Não faltam exemplos de gerentes de lojas de vinho, que se queixam da quantidade enorme de pequenos produtores que procuram ali encontrar local de venda do seu vinho, chegando mesmo a propor condições absurdas, do tipo “fica aqui com o vinho e só me paga se vender” ou, pior ainda, “fica uma caixa de 6 e só paga 4” e outras sugestões que em nada ajudam o negócio em geral. Alguns restaurantes ficam muito agradados com estas “facilidades”. É mais ou menos a mesma situação que um músico se propor a dar um concerto “à borla” ou por 10 tostões, estragando com isso a vida a muitos profissionais que não podem embarcar nessas aventuras. Dizia-me um destes dias um enólogo que, “se não tenho uvas, tenho de começar pelo princípio que é pagar bem as uvas que compro, para interessar o lavrador no projecto, para incentivar a produção de mais e melhores uvas”. Esta ideia choca com práticas antigas e enraizadas de pagar as uvas ao mais baixo preço possível, como se, por milagre, tal contribuísse para elevar a qualidade das mesmas.

Começar um projecto do zero é uma dor de cabeça mas, diga-se também, se a única coisa que temos em mente é a venda em grande superfície, com promoções e descontos de 70%, é melhor dedicarmo-nos à pesca ou, quem sabe, à contemplação. Enquanto houver sol neste Inverno, é mais retemperador ficar a olhar o horizonte.

Sugestões da semana:
(Os preços foram fornecidos pelos produtores)

Bajancas Grande Reserva tinto 2022
Região: Douro
Produtor: António Alfredo Lamas
Castas: Touriga Francesa, Touriga Nacional e Tinta Roriz
Enologia: Pedro Sequeira
PVP: €11,50
Após várias etapas de plantações, a vinha ocupa agora 13,4 ha, dos quais 4,3 ha de brancas. A produção total ronda as 46 500 garrafas, das quais 17 666 deste Grande Reserva. Estágio de 18 meses em barrica. Vinhas em Trevões (Cima Corgo).
Dica: mostra-se muito bem, com aromas de fruta madura, bem casados com a madeira e um fundo floral. Muito gastronómico. Excelente qualidade para o preço.

146 Adega de Família Vinhas Centenárias de Chão de Areia branco 2022
Região: Reg. Tejo (Almeirim)
Produtor: Rui Fortunato
Casta: Fernão Pires em chão de areia
Enologia: Joana Pinhão
PVP: €20
A vinha tem quase 100 anos; a fermentação decorreu em barrica, cerca de 1/3 nova. Produção limitada de 730 garrafas. Compra directa ou através da CVR.
Dica: leve redução aromática (muito em voga) mas a mostrar um bom equilíbrio entre a fruta e a madeira. Tem volume, é fresco e tem perfil afirmativo.

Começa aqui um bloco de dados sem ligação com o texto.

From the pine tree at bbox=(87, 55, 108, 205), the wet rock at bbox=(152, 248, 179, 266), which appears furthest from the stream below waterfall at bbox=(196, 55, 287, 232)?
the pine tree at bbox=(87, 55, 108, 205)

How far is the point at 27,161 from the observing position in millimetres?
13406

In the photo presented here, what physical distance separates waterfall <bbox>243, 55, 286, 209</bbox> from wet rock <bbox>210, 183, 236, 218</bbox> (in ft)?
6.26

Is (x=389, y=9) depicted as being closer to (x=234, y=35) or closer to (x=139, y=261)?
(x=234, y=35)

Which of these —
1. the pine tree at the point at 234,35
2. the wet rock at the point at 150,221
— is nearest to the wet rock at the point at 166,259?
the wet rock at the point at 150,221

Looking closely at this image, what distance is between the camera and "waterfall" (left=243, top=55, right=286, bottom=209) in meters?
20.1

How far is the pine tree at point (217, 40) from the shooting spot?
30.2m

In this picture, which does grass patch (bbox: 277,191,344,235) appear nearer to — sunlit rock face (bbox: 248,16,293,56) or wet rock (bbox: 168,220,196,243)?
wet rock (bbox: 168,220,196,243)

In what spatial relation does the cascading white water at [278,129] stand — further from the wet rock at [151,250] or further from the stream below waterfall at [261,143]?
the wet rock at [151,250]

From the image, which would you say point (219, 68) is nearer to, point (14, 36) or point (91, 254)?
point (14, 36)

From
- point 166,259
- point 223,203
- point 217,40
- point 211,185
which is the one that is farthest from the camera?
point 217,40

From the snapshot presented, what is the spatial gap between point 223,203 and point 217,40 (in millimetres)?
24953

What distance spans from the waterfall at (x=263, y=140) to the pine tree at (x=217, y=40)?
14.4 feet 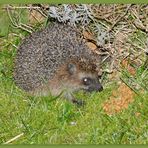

Quinta dos Encados Grande Escolha branco 2022
Região: Vinho Verde
Produtor: Azevedo & Areias
Castas: Loureiro (60%) e Arinto
Enologia: António Sousa
PVP: €9
Produzido em Guimarães, numa vinha de 7 ha. O vinho 7 gr/açúcar por litro o que ajuda ao arredondado que se sente na prova.
Dica: bom equilíbrio entre aroma/corpo/acidez, resultando com bom desenho e muito apto para peixes e marisco. Sempre uma boa escolha.